| name | implementation-economy |
| description | Use before and after normal/high-risk implementation when a complexity budget is needed: declare new classes/helpers/wrappers/indirection/estimated lines, justify each new abstraction, and delete or inline abstractions that are not worth their weight. Do not use for low-risk one-file changes with no new abstraction, public API change, or behavior expansion. |
| metadata | {"short-description":"Implementation complexity budget"} |
Purpose
Use this skill to keep implementation scope small enough to review, test, and maintain.
It answers one question:
Is each new abstraction or layer worth the future cost it adds?
When to use
Use this skill when one or more applies:
dev-workflow selects the normal/high-risk default implementation lane.

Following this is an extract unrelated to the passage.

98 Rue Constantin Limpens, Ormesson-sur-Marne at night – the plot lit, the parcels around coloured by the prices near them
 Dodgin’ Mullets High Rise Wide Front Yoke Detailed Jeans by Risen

- The implementation adds classes, modules, helpers, wrappers, adapters, or new indirection.
- The implementation could solve the problem either by reusing existing code or by adding a new abstraction.
- A review asks for less code, less layering, fewer helpers, or simpler implementation.
Do not use it for low-risk edits that touch one file, add no abstraction, keep public APIs unchanged, and do not expand behavior.
How to use
-
Before editing, write a Complexity Budget:
- changed files target
- new classes/modules target
- new helpers/wrappers/adapters target
- new indirection layers target
- rough production/test line budget
- When working under an ExecPlan with quantitative targets, reconcile this
change-level budget with the plan's contribution decomposition (the net
line budgets across phases must sum to the plan target, or the plan
forecast must be updated).
-
Prefer reuse, deletion, inlining, or local changes before adding a new abstraction.
-
For each new abstraction, write a one-line worth-its-weight justification:
- what complexity it removes
- what duplication or boundary risk it prevents
- why the existing code cannot carry the behavior cleanly
-
After implementation, produce a Post-Implementation Economy Audit:
| New abstraction | Justification | Decision | Evidence |
|---|
<name> | <why it is worth its weight> | keep/delete/inline/merge | <tests, call sites, or diff evidence> |
-
If the implementation exceeds the budget, first delete, inline, or merge unjustified abstractions. If the budget must grow, record the reason and the smallest acceptable increase.
-
Hand off to design-balance when module/class responsibility layout is unclear, and to function-boundary-governor when function/helper/API shape is the main decision.
Output expectation
Return:
- Complexity Budget (5 lines).
- Post-Implementation Economy Audit table.
- Any budget overruns and what was deleted, inlined, merged, or intentionally kept.